This is what I would like to discuss with you today
– the Truth and the Gospel; the Truth of the
Gospel; the True Gospel; the Good News.
This will be a two-part sermon with Part 2 on Day 7 of the Feast.
For part of the sermon, I would like to use a question-and-answer format. Many of you will remember the old Ambassador College Bible Correspondence Course in which they would ask a question and we found the answers from the scriptures.

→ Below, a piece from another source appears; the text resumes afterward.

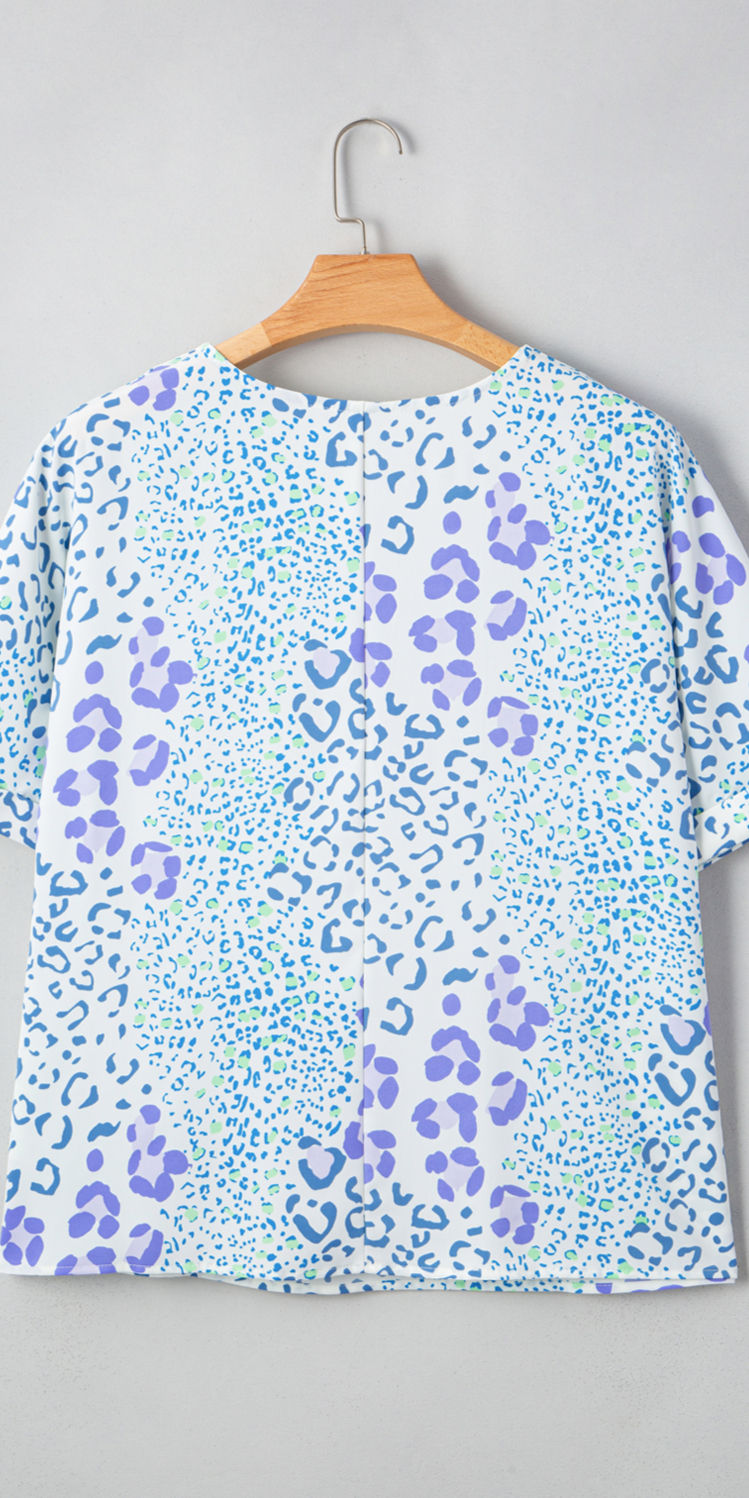 Thumbnail: Sky Blue Leopard Print V Neck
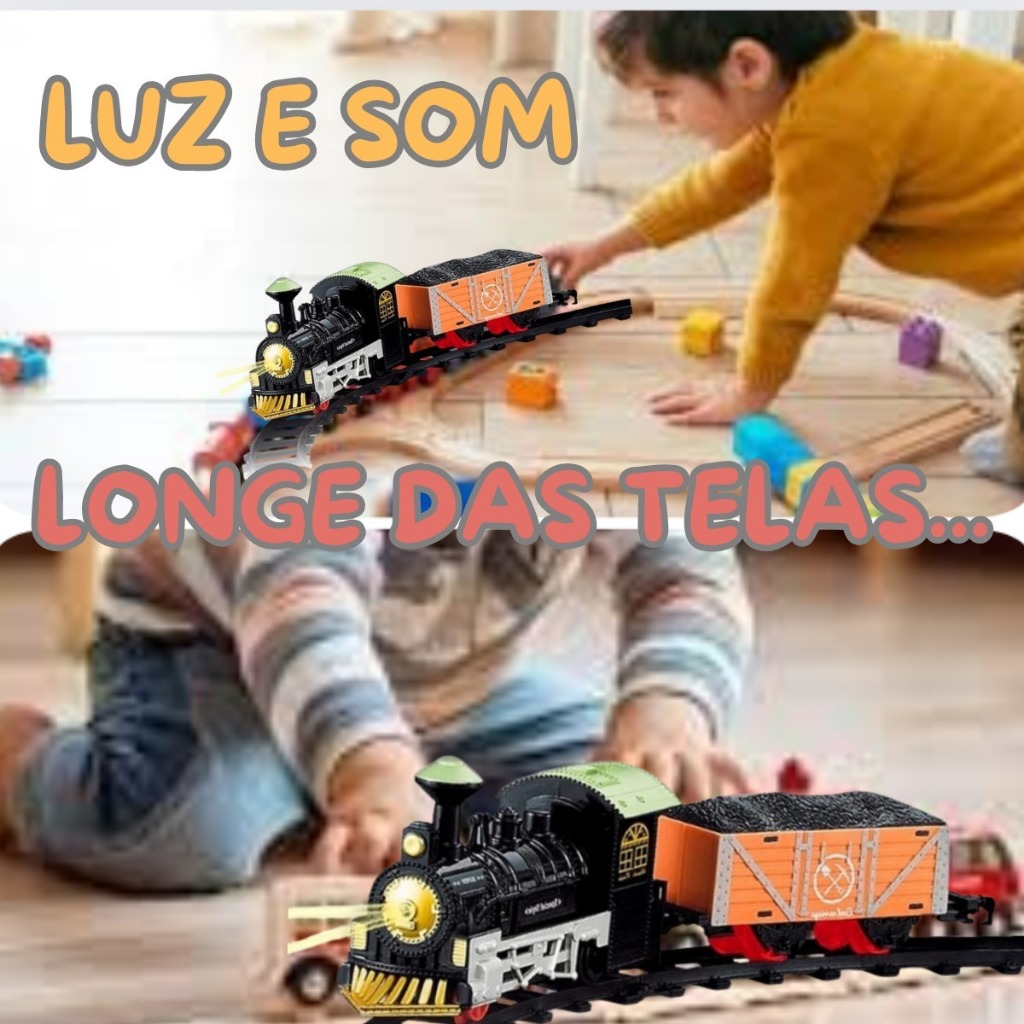 FERROVIA TRENZINHO COM Pista TREM EXPRESSO Classico LOCOMOTIVA + VAGÕES + TRILHOS LUZ E SOM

You might be asking: “Well, okay, but hasn’t the subject of the Gospel been flogged to death and covered over and over again?” Well, yes it has, and that has to be a very good thing.
I feel that in many cases
– and I am not pointing the finger at any churches or ministries
– what some in the
ministry have preached as "the Gospel" and what some people think of as
"the Gospel" has been morphed and even been downgraded from what Jesus and the
apostles preached, and from what Jesus and God the Father want to be preached
today; wrested into a very negative and in some cases unnecessarily frightening message.
This instead of what Herbert W. Armstrong used to call "the good news of the World Tomorrow."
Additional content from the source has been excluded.